J'ai perdu mon corps
Jérémy Clapin (2019)
Après plusieurs occasions ratées, j'ai enfin pu voir la sensation de l'année 2019 dans le domaine du cinéma d'animation à savoir "J'ai perdu mon corps". Il s'agit effectivement d'une oeuvre qui sort de l'ordinaire. Si j'ai une réserve sur le scénario qui aurait mérité un substrat plus solide et une narration plus rigoureuse, on participe à une expérience sensorielle de premier ordre avec un monde vu partiellement à la hauteur d'une main coupée. La référence à "L'Homme qui rétrécit" de Richard Matheson est pertinente dans le sens où cette amputation est à la fois une calamité et une chance, en permettant de voir le monde autrement. La main qui traverse la ville pour retrouver son propriétaire doit affronter de multiples dangers qui font l'objet de moments inventifs, aussi bien en terme esthétiques que de mise en scène*. La parcellisation du corps est d'ailleurs ce qui donne au film ses meilleures séquences à l'image de celle où Naoufel (le propriétaire de la main) rencontre Gabrielle par l'intermédiaire d'un interphone. Naoufel étant obsédé par les sons qu'il enregistre et répertorie un peu à la manière de l'ingénieur du son joué par John TRAVOLTA dans "Blow Out" (1981) de Brian DE PALMA, il est logique qu'il tombe amoureux d'une voix.
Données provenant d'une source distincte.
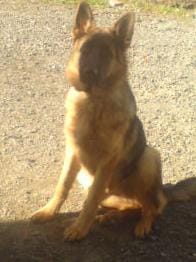 Comment sortir les mauvaises habitude de mon chien ?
Dommage que son mystère (et la poésie qui va avec) se dissipe un peu trop rapidement à mon goût alors que les maladresses de Naoufel qui cumule les handicaps (orphelin, déraciné, inadapté) auraient gagné à être traitées sur une plus grande variété de ton et approfondies**. Il s'agit donc d'un film perfectible mais prometteur.
* Evidemment la référence dans le domaine de l'animation en matière de traversée dangereuse pour cause d'échelle disproportionnée reste "Toy Story 2" (1999).
** La main coupée renvoie aussi bien à la chose de "La Famille Addams" (1992) qu'à la castration symbolique présente dans Star Wars.